*Task*:
Search the entries for the word "Premium". Copy every line where it turns up.

=== Begin Enclosure ===

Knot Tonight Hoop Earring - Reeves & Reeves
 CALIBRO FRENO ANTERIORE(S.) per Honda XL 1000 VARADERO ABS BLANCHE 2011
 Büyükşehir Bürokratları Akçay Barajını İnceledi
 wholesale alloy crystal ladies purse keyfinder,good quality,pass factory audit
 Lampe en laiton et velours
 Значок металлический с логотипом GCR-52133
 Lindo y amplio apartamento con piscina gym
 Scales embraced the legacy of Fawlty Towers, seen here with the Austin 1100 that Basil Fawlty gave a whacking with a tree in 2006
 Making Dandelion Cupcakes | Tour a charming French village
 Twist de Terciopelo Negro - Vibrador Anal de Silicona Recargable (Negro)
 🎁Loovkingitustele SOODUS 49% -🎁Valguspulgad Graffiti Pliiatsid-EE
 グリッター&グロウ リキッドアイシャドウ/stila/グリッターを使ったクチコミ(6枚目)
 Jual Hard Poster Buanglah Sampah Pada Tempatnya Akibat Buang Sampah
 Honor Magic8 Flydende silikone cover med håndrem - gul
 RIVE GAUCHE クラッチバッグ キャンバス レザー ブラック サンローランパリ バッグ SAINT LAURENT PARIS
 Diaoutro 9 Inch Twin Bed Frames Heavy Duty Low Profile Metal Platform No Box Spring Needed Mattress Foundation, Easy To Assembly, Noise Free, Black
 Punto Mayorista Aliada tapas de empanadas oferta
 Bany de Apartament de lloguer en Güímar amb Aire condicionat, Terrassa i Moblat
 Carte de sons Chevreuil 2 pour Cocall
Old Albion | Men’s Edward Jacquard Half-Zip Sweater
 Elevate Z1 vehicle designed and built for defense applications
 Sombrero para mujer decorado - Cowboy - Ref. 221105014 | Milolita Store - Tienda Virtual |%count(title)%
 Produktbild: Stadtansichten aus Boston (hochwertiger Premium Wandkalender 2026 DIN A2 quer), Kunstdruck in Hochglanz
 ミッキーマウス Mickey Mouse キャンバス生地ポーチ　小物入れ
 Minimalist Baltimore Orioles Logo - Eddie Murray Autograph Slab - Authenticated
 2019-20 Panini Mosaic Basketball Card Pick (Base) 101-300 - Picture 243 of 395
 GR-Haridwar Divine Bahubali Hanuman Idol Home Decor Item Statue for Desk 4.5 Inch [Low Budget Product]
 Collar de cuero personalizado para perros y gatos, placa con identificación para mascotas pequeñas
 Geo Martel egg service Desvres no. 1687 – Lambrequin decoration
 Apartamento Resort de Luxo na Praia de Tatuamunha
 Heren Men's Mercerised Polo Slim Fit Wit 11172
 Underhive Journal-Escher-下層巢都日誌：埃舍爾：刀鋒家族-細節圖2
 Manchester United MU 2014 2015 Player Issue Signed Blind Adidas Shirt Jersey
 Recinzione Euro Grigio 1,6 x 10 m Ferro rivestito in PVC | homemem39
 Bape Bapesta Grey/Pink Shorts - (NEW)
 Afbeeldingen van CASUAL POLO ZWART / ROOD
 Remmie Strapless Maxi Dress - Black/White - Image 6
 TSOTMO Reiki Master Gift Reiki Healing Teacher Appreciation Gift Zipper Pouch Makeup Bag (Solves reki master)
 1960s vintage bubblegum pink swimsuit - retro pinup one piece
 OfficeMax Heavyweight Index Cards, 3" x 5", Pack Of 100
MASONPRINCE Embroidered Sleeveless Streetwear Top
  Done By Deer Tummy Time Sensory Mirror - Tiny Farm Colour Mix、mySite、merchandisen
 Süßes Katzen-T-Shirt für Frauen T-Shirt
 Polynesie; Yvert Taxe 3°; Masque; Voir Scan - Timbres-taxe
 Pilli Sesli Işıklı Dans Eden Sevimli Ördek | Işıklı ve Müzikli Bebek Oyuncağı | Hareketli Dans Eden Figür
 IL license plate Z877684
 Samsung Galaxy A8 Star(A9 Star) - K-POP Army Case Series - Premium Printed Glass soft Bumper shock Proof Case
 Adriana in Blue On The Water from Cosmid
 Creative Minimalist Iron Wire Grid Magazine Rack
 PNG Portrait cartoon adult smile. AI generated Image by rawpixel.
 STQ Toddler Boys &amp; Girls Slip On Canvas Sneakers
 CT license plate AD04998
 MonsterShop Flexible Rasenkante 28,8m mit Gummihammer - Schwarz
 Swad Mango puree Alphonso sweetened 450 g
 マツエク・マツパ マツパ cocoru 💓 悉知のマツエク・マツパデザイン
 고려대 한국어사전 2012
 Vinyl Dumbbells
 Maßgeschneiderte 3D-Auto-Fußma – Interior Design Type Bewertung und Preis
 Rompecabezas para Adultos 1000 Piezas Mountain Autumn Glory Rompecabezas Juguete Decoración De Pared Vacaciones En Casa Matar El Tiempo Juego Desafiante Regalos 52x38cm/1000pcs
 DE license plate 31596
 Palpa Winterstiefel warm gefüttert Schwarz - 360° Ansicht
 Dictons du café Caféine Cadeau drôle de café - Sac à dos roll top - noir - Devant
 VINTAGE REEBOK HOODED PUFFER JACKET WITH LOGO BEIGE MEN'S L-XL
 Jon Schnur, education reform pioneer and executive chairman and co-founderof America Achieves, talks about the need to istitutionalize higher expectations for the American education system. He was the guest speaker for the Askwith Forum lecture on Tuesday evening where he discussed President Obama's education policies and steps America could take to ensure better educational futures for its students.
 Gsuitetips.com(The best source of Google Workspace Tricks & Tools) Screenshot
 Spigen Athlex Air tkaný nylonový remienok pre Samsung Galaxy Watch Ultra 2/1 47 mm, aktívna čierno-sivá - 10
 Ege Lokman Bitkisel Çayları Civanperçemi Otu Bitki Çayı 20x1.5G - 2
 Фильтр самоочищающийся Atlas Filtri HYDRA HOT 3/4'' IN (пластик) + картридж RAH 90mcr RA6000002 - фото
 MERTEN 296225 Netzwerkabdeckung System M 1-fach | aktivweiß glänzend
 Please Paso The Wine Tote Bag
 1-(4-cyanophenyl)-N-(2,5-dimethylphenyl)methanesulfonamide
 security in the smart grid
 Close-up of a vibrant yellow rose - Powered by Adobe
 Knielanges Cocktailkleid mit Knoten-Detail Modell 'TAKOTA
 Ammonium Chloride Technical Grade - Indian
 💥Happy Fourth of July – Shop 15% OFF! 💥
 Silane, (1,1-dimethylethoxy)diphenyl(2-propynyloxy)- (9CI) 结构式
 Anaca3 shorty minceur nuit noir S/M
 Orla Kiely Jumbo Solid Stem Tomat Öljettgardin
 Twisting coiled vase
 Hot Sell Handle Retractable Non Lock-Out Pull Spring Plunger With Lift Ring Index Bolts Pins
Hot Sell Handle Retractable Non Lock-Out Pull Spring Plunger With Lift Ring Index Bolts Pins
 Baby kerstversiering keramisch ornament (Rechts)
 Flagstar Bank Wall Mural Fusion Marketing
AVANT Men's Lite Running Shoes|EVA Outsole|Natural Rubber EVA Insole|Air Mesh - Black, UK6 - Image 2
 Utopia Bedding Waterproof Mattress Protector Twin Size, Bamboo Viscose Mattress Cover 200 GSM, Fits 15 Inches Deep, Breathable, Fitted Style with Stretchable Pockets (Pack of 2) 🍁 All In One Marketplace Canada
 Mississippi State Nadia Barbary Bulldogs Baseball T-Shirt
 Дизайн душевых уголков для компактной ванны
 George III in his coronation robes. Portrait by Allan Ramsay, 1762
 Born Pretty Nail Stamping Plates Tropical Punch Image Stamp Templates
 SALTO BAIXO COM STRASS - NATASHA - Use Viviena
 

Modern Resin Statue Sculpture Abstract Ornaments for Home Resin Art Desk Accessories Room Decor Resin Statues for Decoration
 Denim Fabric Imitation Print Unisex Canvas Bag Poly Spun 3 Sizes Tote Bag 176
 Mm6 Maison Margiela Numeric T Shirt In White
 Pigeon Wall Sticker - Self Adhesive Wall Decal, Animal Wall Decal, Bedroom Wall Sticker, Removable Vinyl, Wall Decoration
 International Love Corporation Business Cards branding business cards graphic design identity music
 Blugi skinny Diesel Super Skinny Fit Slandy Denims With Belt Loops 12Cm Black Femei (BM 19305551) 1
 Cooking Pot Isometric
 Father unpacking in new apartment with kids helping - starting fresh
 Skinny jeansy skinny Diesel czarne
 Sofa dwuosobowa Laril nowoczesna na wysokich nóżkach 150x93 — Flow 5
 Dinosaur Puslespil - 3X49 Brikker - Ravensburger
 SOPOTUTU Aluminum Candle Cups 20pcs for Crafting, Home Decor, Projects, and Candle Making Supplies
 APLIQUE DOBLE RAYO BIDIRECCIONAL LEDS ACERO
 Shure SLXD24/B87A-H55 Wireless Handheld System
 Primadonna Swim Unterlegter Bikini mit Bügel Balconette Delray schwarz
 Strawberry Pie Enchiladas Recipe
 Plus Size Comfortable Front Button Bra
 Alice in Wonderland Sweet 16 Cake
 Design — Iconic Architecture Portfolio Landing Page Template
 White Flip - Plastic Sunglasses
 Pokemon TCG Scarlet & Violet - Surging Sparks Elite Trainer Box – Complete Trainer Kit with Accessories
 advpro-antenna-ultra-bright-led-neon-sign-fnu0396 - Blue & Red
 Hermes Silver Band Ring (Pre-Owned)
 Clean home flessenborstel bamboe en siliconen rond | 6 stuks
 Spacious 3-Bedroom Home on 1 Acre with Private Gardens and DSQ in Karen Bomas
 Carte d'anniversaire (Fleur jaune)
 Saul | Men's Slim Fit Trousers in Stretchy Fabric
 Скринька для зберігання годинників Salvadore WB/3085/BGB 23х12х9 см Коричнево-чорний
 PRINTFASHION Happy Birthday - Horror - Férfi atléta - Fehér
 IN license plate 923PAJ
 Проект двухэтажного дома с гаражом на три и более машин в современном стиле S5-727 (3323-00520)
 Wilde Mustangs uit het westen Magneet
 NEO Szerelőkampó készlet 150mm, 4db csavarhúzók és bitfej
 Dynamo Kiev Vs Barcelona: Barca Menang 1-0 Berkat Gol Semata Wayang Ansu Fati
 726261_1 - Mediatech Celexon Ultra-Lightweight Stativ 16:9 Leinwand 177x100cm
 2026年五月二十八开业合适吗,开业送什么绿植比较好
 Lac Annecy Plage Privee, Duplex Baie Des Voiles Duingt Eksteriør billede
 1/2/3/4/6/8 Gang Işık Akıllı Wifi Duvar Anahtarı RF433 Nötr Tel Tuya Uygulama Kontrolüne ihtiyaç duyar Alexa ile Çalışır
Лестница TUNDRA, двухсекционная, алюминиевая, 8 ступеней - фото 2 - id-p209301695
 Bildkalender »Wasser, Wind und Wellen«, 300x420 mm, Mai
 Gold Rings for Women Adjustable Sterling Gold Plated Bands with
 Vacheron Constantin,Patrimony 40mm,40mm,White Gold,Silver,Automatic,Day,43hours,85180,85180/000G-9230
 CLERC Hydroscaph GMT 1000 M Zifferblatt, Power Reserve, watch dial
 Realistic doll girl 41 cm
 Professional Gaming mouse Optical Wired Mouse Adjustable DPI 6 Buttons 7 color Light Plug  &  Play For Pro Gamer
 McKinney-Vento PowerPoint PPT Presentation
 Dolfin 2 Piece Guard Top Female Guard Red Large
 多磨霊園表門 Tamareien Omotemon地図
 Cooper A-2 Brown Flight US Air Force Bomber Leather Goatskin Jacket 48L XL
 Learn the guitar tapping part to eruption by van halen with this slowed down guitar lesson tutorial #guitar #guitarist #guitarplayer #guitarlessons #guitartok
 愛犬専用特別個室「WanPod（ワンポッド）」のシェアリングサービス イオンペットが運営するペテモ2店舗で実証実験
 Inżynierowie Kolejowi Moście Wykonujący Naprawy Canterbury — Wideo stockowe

=== End Enclosure ===

*Result of this exercise*:
 Produktbild: Stadtansichten aus Boston (hochwertiger Premium Wandkalender 2026 DIN A2 quer), Kunstdruck in Hochglanz
 Samsung Galaxy A8 Star(A9 Star) - K-POP Army Case Series - Premium Printed Glass soft Bumper shock Proof Case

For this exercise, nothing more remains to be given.